Friday, October 16, 2020

This Year, Everybody in: Abilities Expo Virtual Experience Nov. 20-22

Great news - like everything else this year, the Abilities Expo will be online. You, you, you and you are all going!

Whether you're in the market for equipment or not, whether you have money or not, going to the Abilities Expo is a good idea for people with disabilities and their families. You're seeing some of the latest tech available on the market. Service organizations come out to show you what's out there to take advantage of. There are excellent and fun presentations by experts and entertainers alike. And tons of people with disabilities and their families to see, to meet, to swap ideas and numbers with. I come away with new ideas to talk out, new numbers to call, new websites to check out, new friends to email, brand new energy.

Of course you got to get their first. Sometimes that's a hassle or an impossibility. The Abilities Expo only takes place in six cities every year. Good for the folks near those cities, right, but what about the rest? And of course Covid wiped out the in-person Abilities Expos earlier in the year, all canceled.

Well the great news is that the circumstances leveled the playing field for everyone, and the Abilities Expo goes completely online from Nov. 20-22. Everybody can attend, for free. All the exhibitioners, service orgs, presentations (Tony-winner Ali Stroker!), all waiting for us to visit in our jammies.

Good on ya, organizers!

I already said Free free free, but first you gotta register.

November 20-22, 2020

Online Globally

Accessible 24 hours a day starting Friday, 9 am PST.

Friday, October 9, 2020

Cedar Hills State Park: the Forest by the City ... n ANTS!

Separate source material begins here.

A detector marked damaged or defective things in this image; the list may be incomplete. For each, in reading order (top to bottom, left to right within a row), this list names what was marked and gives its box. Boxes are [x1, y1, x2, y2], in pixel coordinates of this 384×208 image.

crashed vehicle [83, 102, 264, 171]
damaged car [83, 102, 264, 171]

1570 West FM 1382, Cedar Hill, TX (18 mi. from downtown Dallas)

972-291-3900, Cust serv: 512-389-8900, Website

Site 124, Loop H

Woods and lake 20 min. from downtown

Upfront, this park is overrun by invasive Argentina ants. They are small, an eighth of an inch, and seemed pretty harmless, although Texas Parks and Wildlife warns they could mess with your electrical system. TPW is upfront about them and gives guidance how to protect you and your vehicles.

Not this kind of ant

The ant hordes are for real! We brought along insecticide. Mab sprayed down all contact points with the ground (wheels, jacks, connections and the undercarriage). She did this a couple of times. So we did everything TPW said to do. Yet by evening, we were overrun. It turns out the heavy afternoon rainshower had washed the bug spray off of the water hose and electrical hookup (we were preoccupied with a different drama: a broken skylight cover leaking) and the ants seized their opportunity.

Exhausted, we kept it together for the night. Once we left, a day of spraying knocked out 99 percent of them. So, whew, it was a happy ending.

Lesson learned: take the warnings seriously (we did) and remember to respray after rainstorms. TPW ought to plainly state that. Writing the letter now.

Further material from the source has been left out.